Unfailingly, after these binges, comes regret. And, in the short term, emotional eating can alleviate negative moods. However, in the long run, it can lead to obesity and other health problems. Therefore, when you become aware of what you have done, you can feel guilty.

How to differentiate emotional hunger from physiological hunger?

Differentiating emotional hunger from real (or physiological) hunger is not always easy. However, there are some guidelines that you can look at to learn to distinguish between the two states.

The real hunger is emerging progressively and increases as time passes since your last meal. It is a physiological sensation that begins in the stomach and allows you to decide, consciously and deliberately, what food to eat. So when you eat out of real hunger, you opt for nutritious and healthy options.

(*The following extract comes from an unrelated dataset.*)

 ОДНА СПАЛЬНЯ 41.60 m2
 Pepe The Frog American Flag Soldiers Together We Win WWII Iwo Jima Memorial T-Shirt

On the contrary, emotional hunger appears suddenly and suddenly. It manifests as an urgent need to eat that arises in mind, from the mental representations of food. The urge is so strong that you are not able to control what you eat and how much. You automatically go to ultra-processed foods with little nutritional value.

What factors trigger emotional hunger?

Emotional hunger is triggered, mainly, by the inability to listen to one’s own body. In general, it appears when not knowing how to distinguish the physiological sensations of hunger from other emotional manifestations of anxiety, sadness or anger. Thus, this confusion can lead to the belief that one is hungry when it is not.

On the other hand, the lack of emotional management resources is also an important factor. Perhaps, you are aware that what you are feeling is anxiety and not hunger. However, if you do not know how to handle that emotion, bingeing appears as the only strategy to feel better.

How to avoid eating emotionally?

For all the above, if you want to stop eating emotionally, you have to solve the main causes. It would be easy to recommend that you eat less or choose healthier foods, but this will not be possible if the source is not addressed.

So, start by learning to connect with your interoceptive sensations. Listen to your body and make an effort to understand the message it wants to convey to you at all times.

On the other hand, you must acquire more adequate personal resources to manage your emotions. Relaxation techniques, physical exercise, or therapeutic writing can help.

Other habits that can help you control emotional hunger

Drink water

Sometimes it is possible to confuse thirst with hunger and, therefore, you overeat without needing it. So when you think you’re hungry, try having a glass of water. You will see that the internal sensation often calms down.

Eat calm and sitting

Mindful eating helps develop a healthier relationship with food. And, above all, it allows you to identify when you are satiated. Thus, before eating any food, sit in a quiet place without distractions that allows you to focus your five senses on the food and your body.

Identify if we are really hungry

Above all, learn to identify your feelings. Before eating something, ask yourself how you feel, how long it has been since you have eaten and if it is possible that what you are experiencing is not real hunger.

Say goodbye to emotional hunger

Emotional hunger hurts you physically and psychologically, as it affects your self-esteem and self-confidence. Improving the relationship you have with food and returning it to its nutritional function brings you closer to a better state of health and emotional well-being. It is a necessary effort that will bring you great rewards.